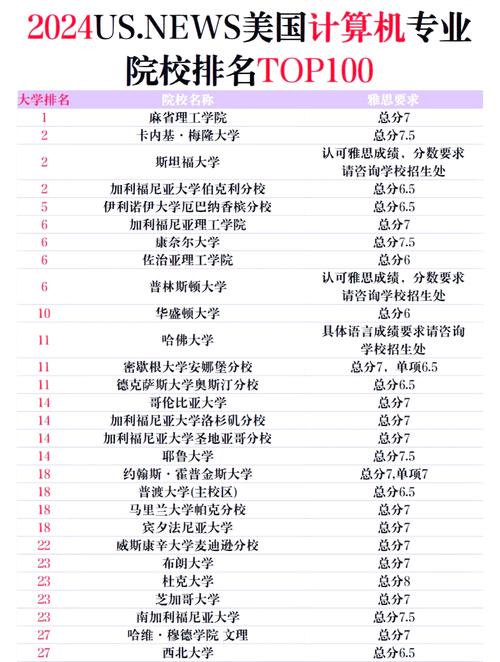 計算機科學(xué)與技術(shù)專業(yè)排名_新聞專業(yè)大學(xué)排名_中國計算機專業(yè)院校實力對比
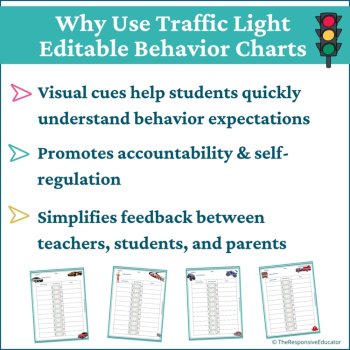 Red Yellow Green Behavior Charts Behavior Traffic Lights Editable BUNDLE, image 2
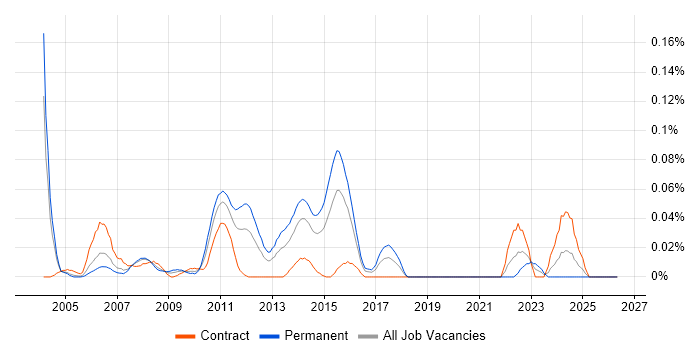 Advent Geneva job vacancy trend in Central London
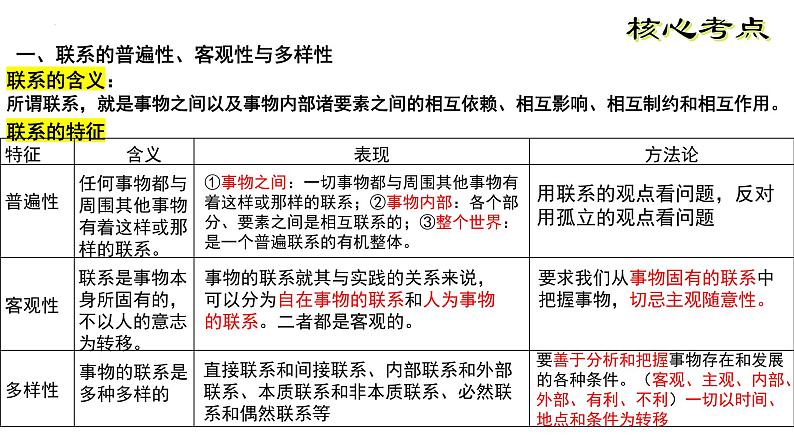 第三课 把握世界的规律 课件 -2023届高考政治一轮复习统编版必修四哲学与文化07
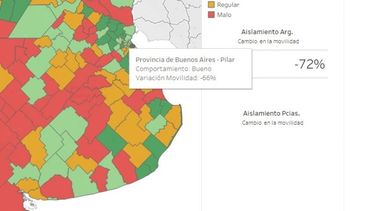 Pilar, entre los distritos con buen comportamiento durante la cuarentena
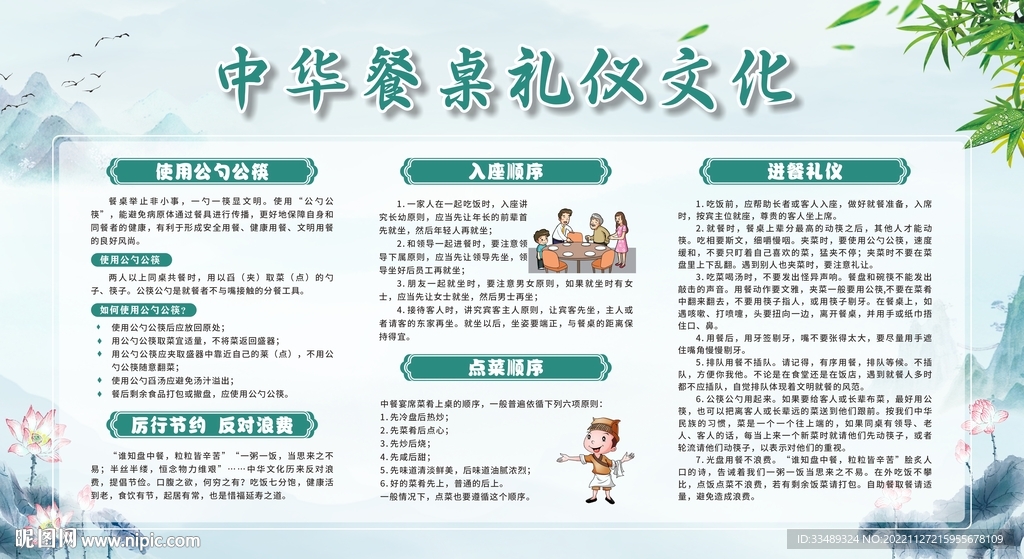 中华餐桌礼仪文化宣传栏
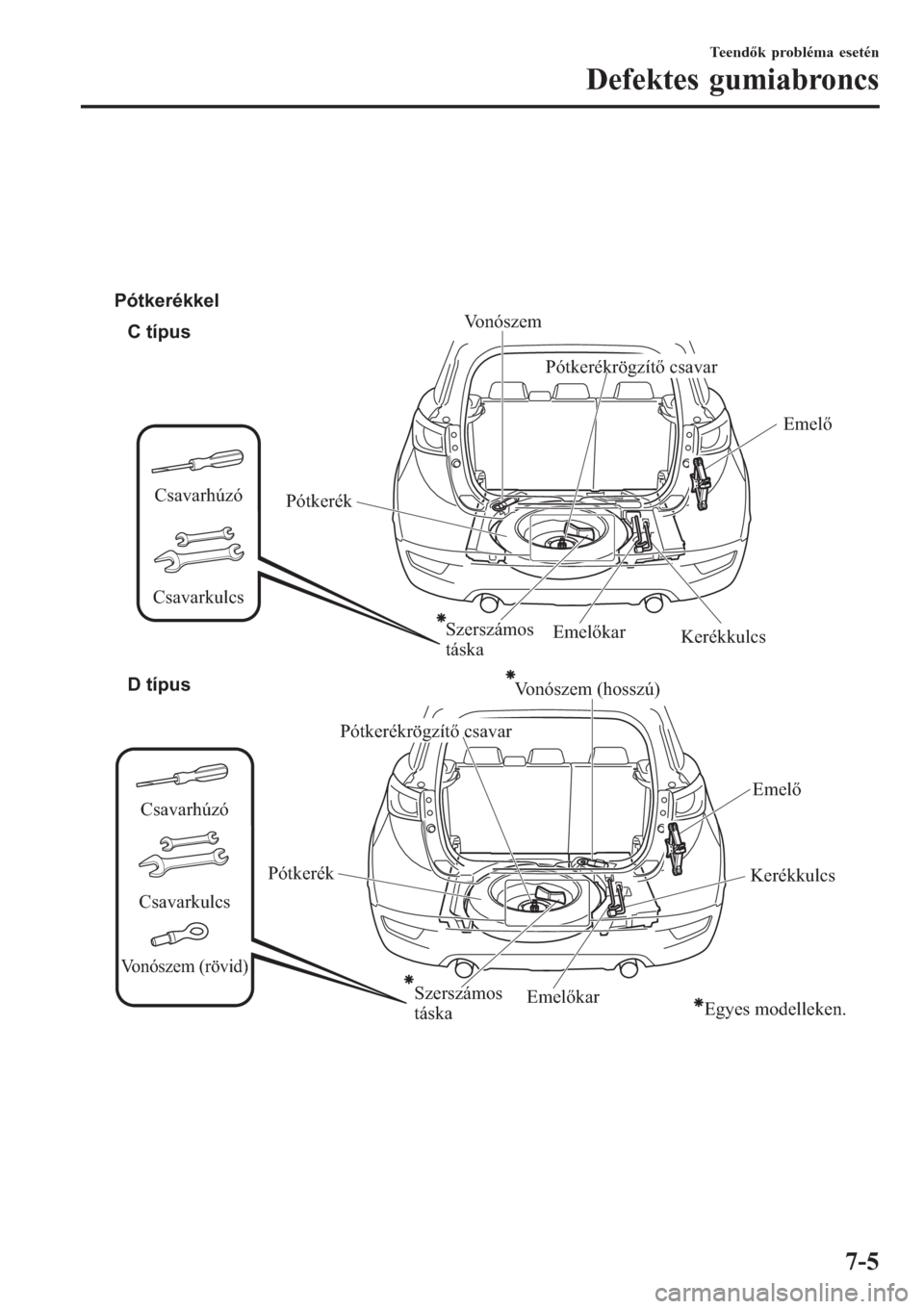 MAZDA MODEL CX-3 2015  Kezelési útmutató (in Hungarian)  
C típus
D típus Pótkerékkel
Egyes modelleken. Csavarhúzó
Csavarkulcs
Emelő
Emelőkar
Pótkerékrögzítő csavar
Pótkerék
Vonószem
Kerékkulcs
Emelő
Emelőkar Pótkerék
Kerékkulcs
Pótk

[Task requirements]: Your answer must be the line containing "D típus Pótkerékkel" and every line after it through the end of the records above, reproduced exactly and alone.

[Reply]:
D típus Pótkerékkel
Egyes modelleken. Csavarhúzó
Csavarkulcs
Emelő
Emelőkar
Pótkerékrögzítő csavar
Pótkerék
Vonószem
Kerékkulcs
Emelő
Emelőkar Pótkerék
Kerékkulcs
Pótk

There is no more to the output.